## Prescribed edge in cubic graph

Let $$G$$ be a cubic graph without bridges. Prove that for each of its edges there is a perfect matching that contains it.

• #### Hint

Similarly to the task where the matching does not contain a specified edge. The graph must have an even number of vertices. Remove both vertices that form the ends of the edge.

• #### Solution

Let’s denote the graph by $$G$$ and the prescribed edge by $$uv$$. By $$G’$$ we denote the graph $$G$$ after removing the vertices $$u, v$$.

For a contradiction, suppose that $$G’$$ does not have a perfect matcing and therefore Tutte’s condition does not hold. Hence there exists $$S’\subseteq V (G’)$$ that $$| S’ | < C_o (G’, S’)$$.

Cubic graphs such as $$G$$ have an even number of vertices according to the principle of evenness, and the same is true for $$G’$$. As a consequence, the size of the $$S’$$ and the number of odd components have the same parity. Therefore, the inequality $$| S’| < C_o (G’, S’)$$ can be strengthened to $$| S’| \le C_o (G’, S’) - 2$$.

To obtain the cut $$S$$ in the graph $$G$$, we choose $$S = S’\cup \{u, v \}$$. The complement of $$S$$ in $$G$$ is the same as the complement of $$S’$$ in $$G'$$, therefore $$C_o (G, S) = C_o (G’, S’)$$.

According to the principle of evenness, an odd number of edges should lead to the odd components of the graph $$G$$. Because the graph $$G$$ has no bridge, at least three edges connect each odd component.
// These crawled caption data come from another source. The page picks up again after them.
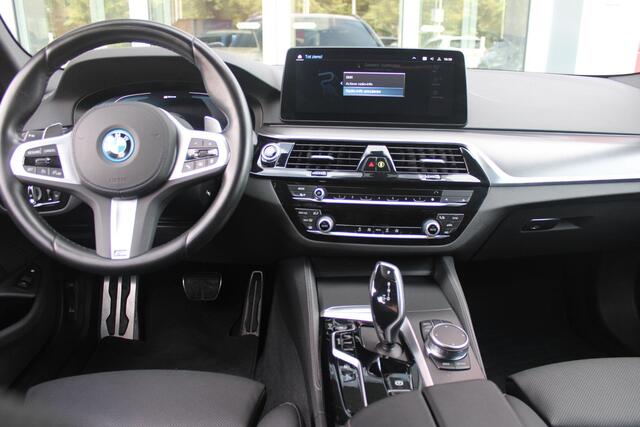 BMW 5-SERIE Touring 530e xDrive 293PK HIGH EXECUTIVE M SPORT | DYNAMISCHE DEMPING | COMFORT ACCESS | WARMTEWEREND GLAS | ADAPTIEVE LED KOPLAMPEN | PARKEERSENSOREN VOOR EN ACHTER | ACHTERUITRIJ CAMERA | DRAADLOZE TELEFOONLADER | DRAADLOZE APPLE CARPLAY/ANDROID AUTO | 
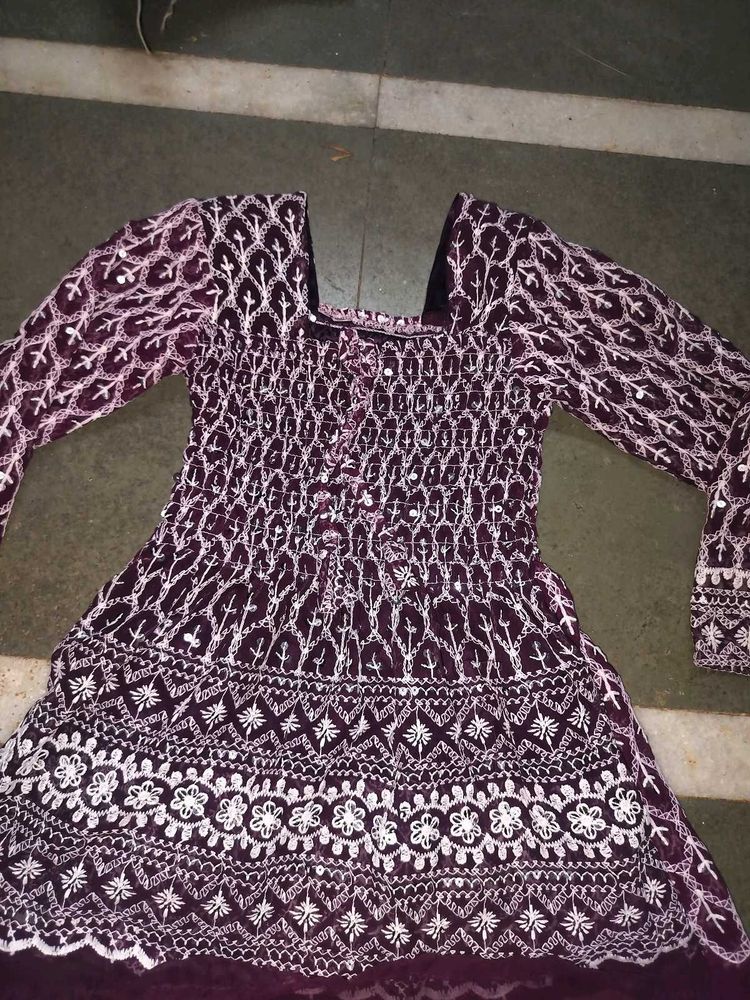 Pretty Top For Women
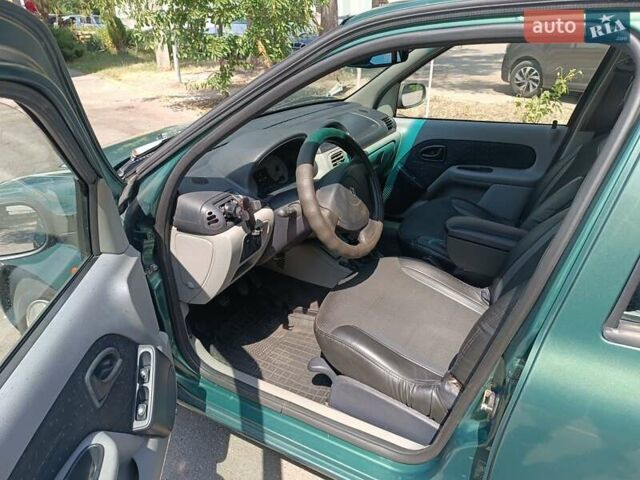 Зеленый Рено Clio Symbol, объемом двигателя 1.4 л и пробегом 369 тыс. км за 2700 $, фото 17 на Automoto.ua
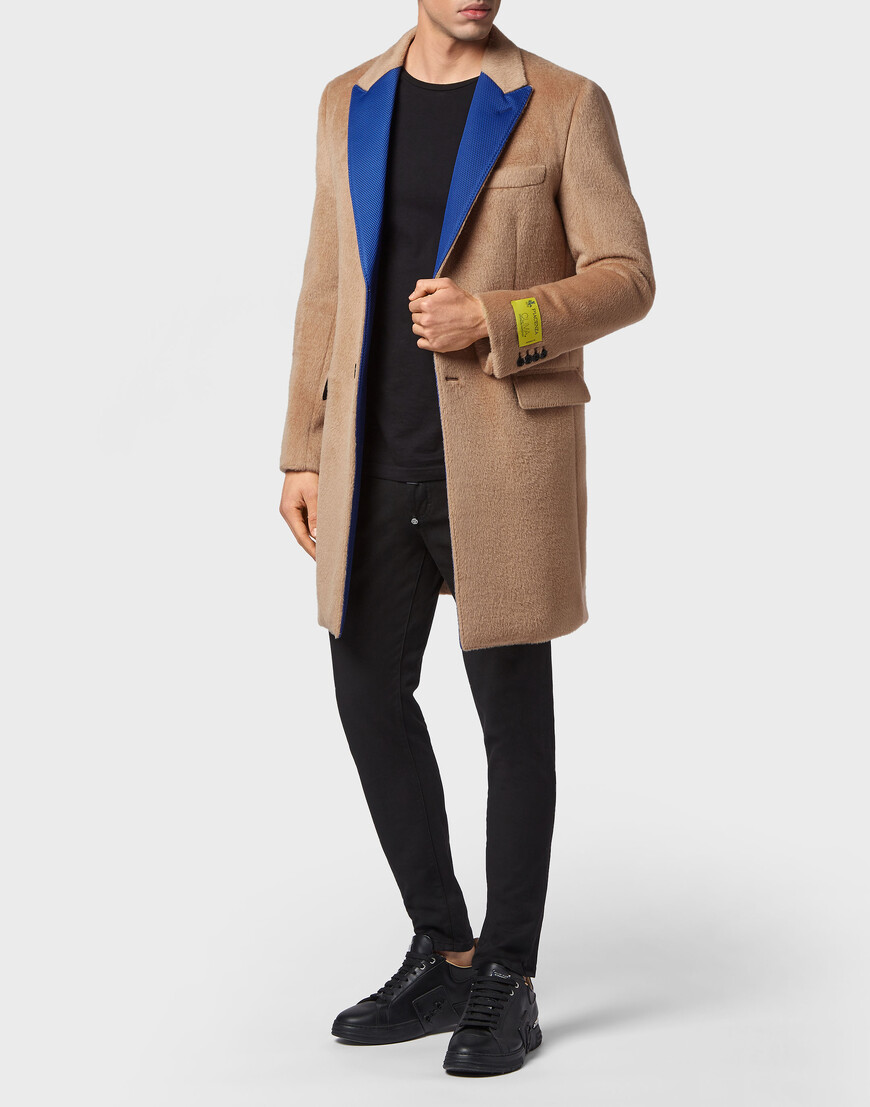 пальто  по цене 181850 руб вид справа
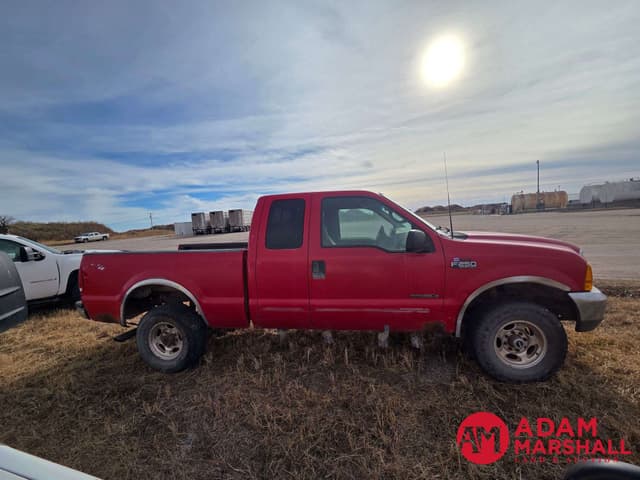 Image of Ford F-250 equipment image 2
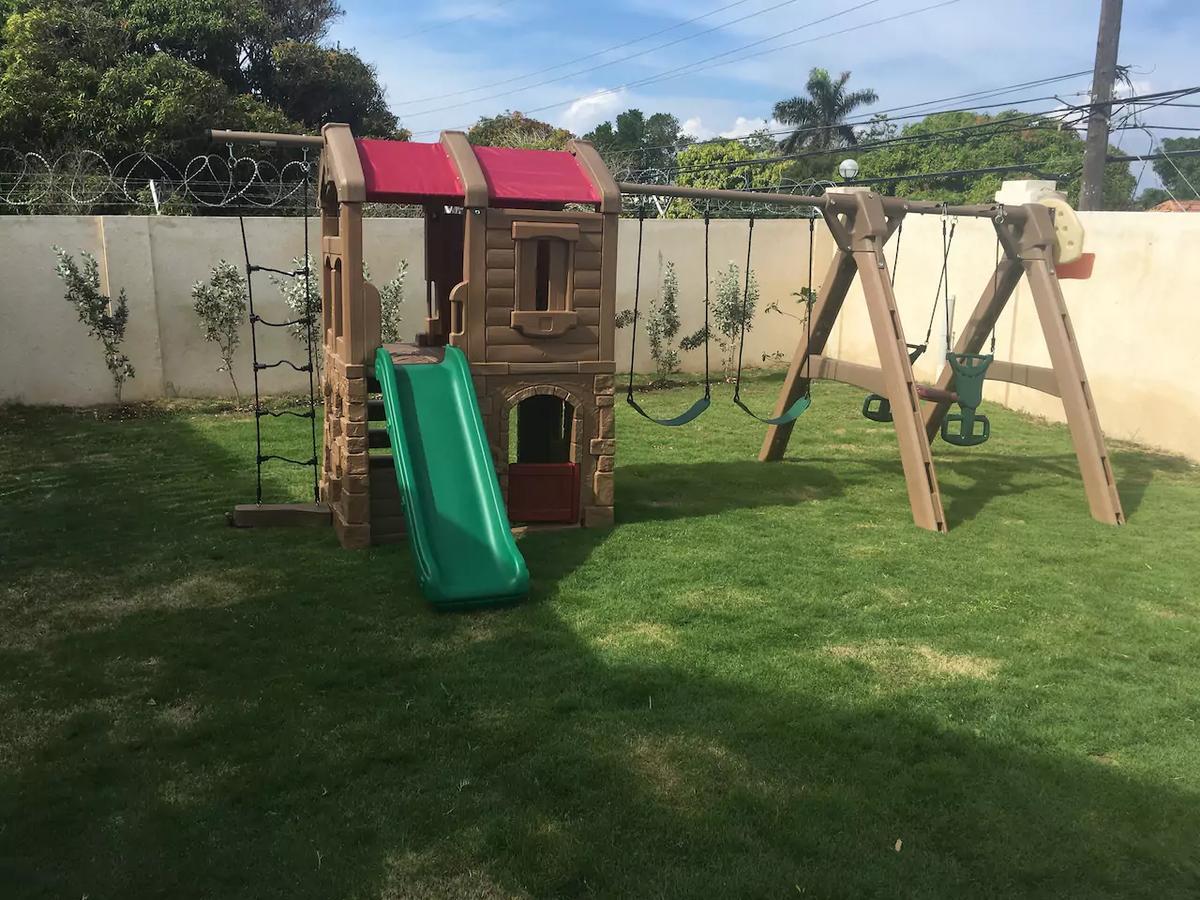 Family Complex Beside Beach W/Pool Montego Bay #1 Exterior photo
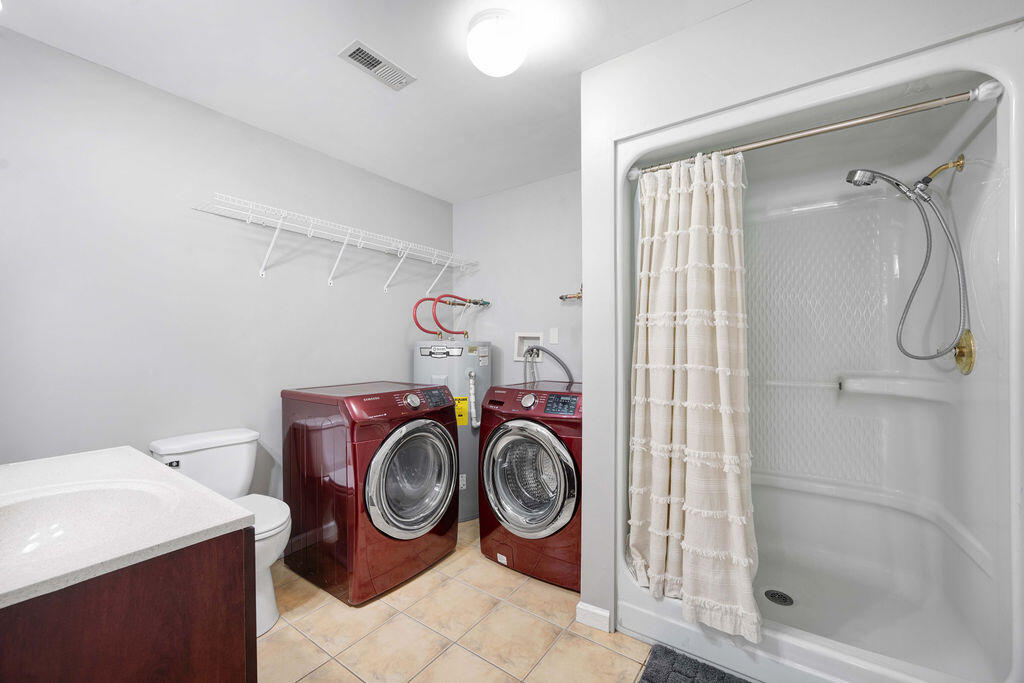 4440 Keith Road Ringgold, GA 30736 - Photo 60 of 92 Fukk bath with Laundry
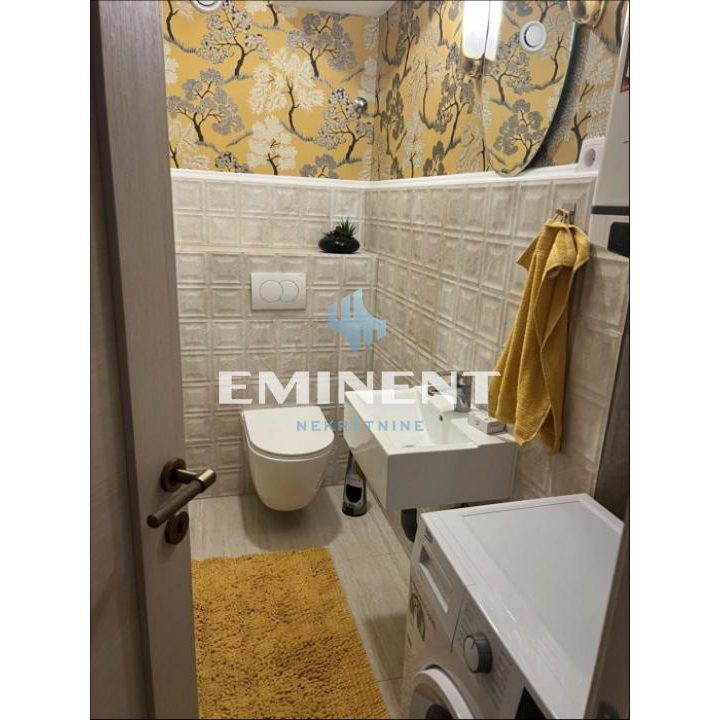 Trosoban stan za izdavanje, Hram Svetog Save, Beograd, 80m², 1.400 €/mes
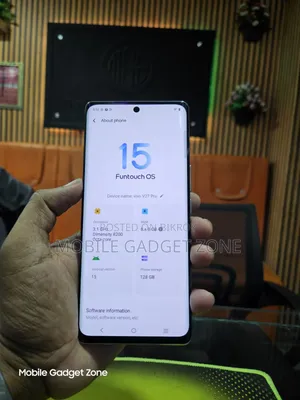 Vivo V27 Pro 128 GB Silver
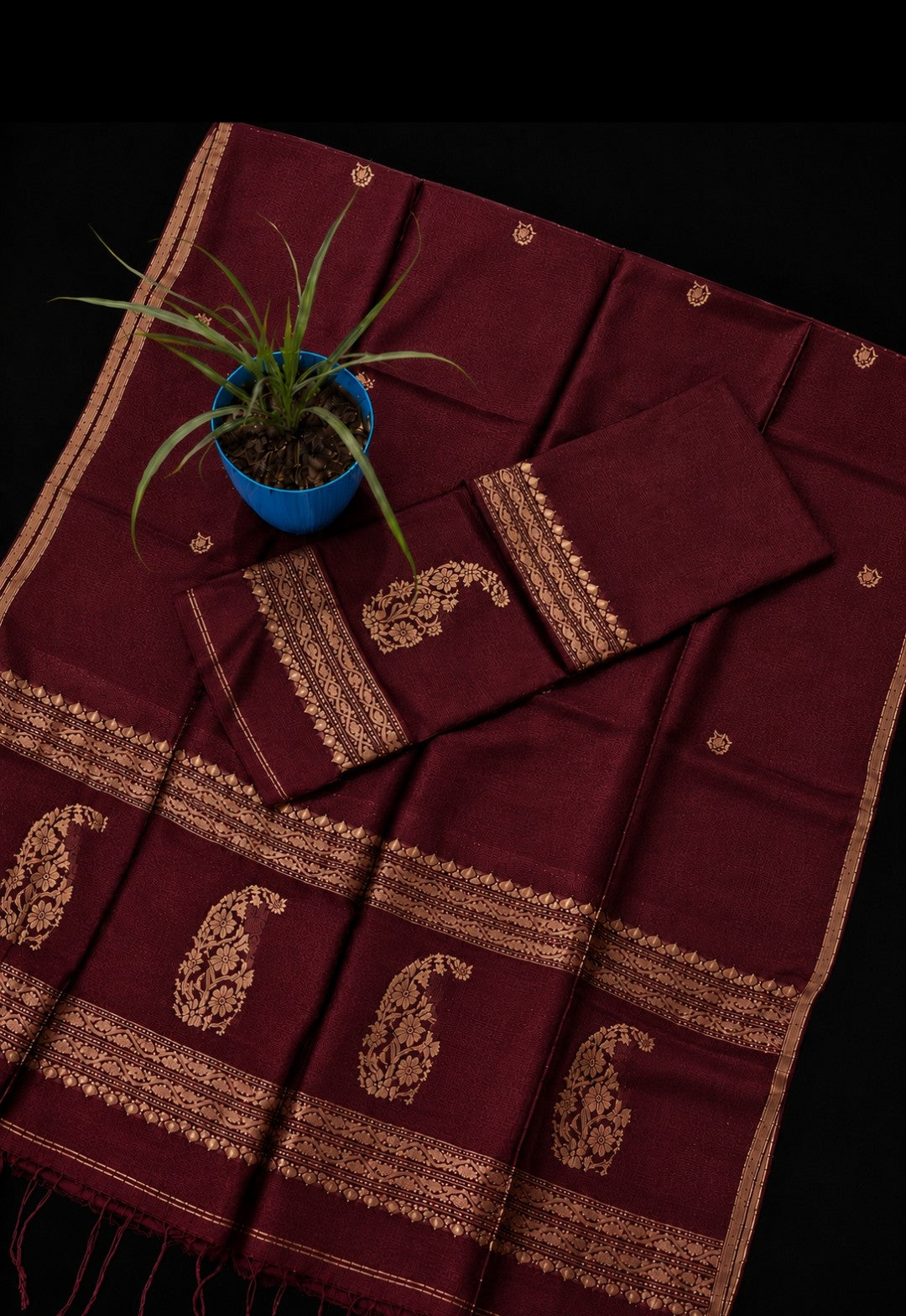 Mahira Silk Linen Kadhuwa Banarasi Weaving Suit by Rihyaaz featuring luxurious traditional Banarasi weaving, premium silk linen fabric, elegant ethnic wear for weddings, festive occasions, and celebrations.
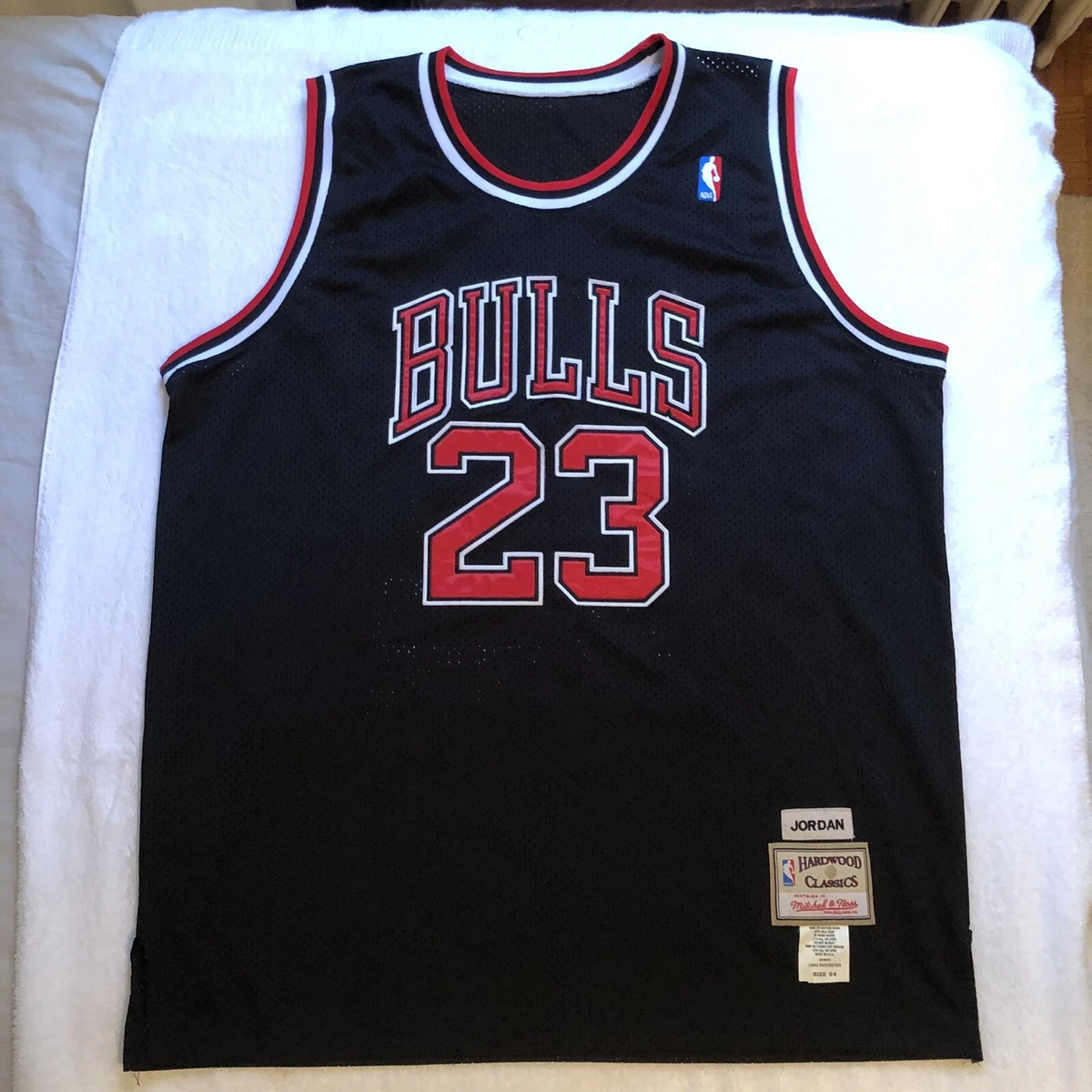 Preços baixos em Mitchell & Ness Chicago Bulls 54 Tamanho Roupas e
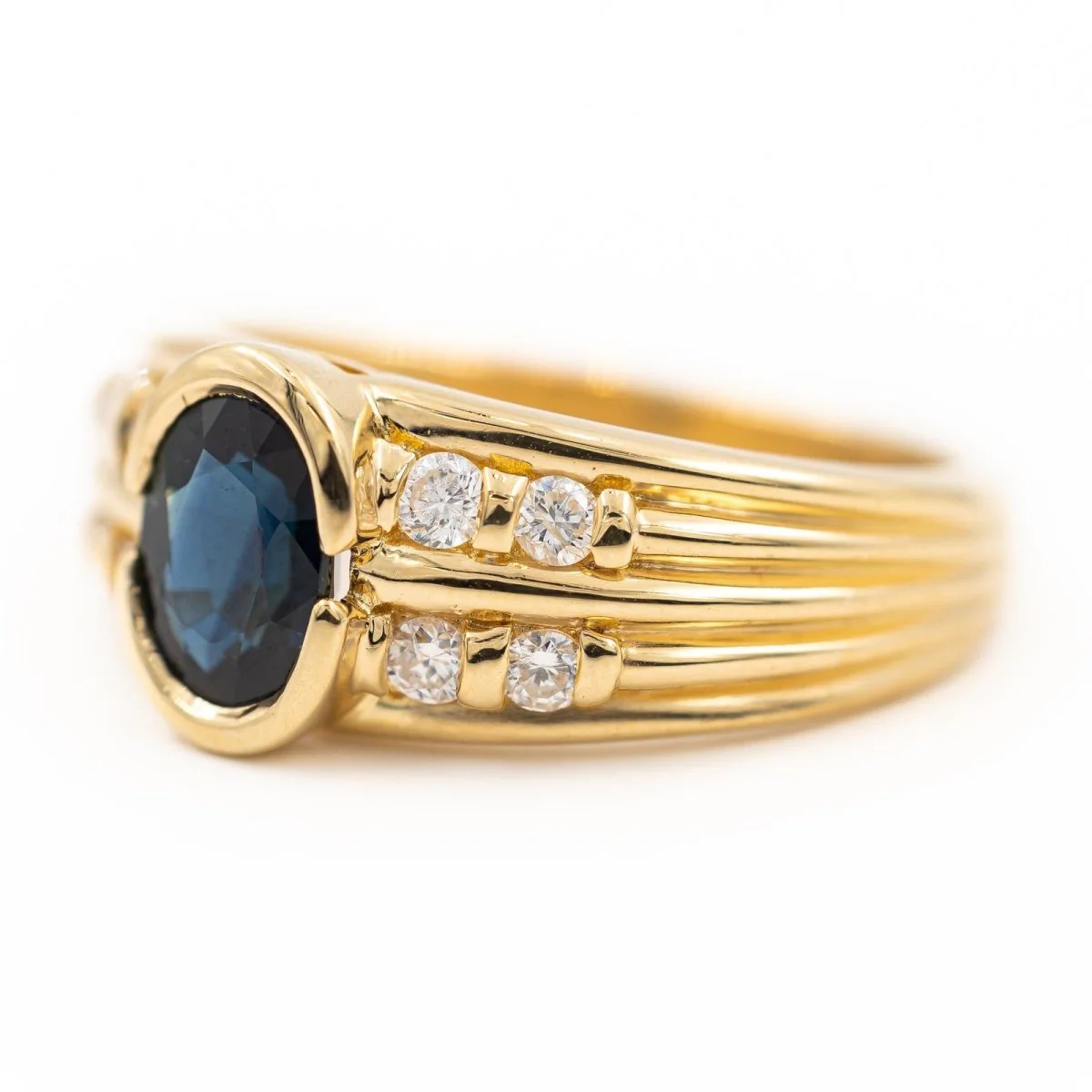 Bague en or jaune, diamants et saphir - Image 2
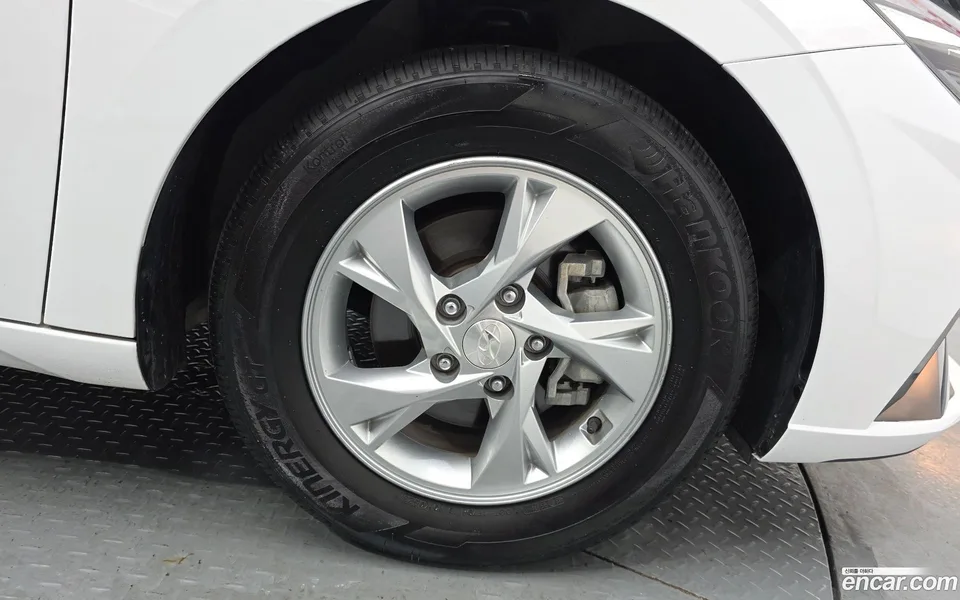 Hyundai Avante 1.6 2022 — миниатюра 5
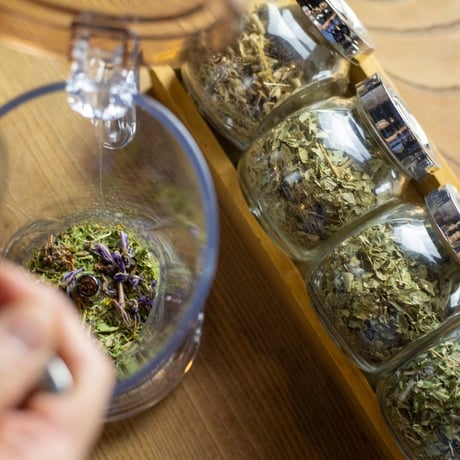 【ドクダミ茶】国産（飛騨産）｜香ばしく飲みやすい野草茶・ノンカフェイン・自然の恵みそのままに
Because $$G$$ is cubic, from $$S’$$ stems at most $$3|S’|$$ edges. After adding the vertices $$u$$ and $$v$$, we get that from $$S$$ stems at most $$3 |S’|+4$$ edges.

Therefore, for the number of edges $$\#e$$ incident with $$S$$ we get that: $3 (C_o (G, S)) \le \#e \le 3 | S’| +4 \le 3 (C_o (G’, S’) - 2) +4 = 3 (C_o (G, S)) -2$ which is the desired contradiction.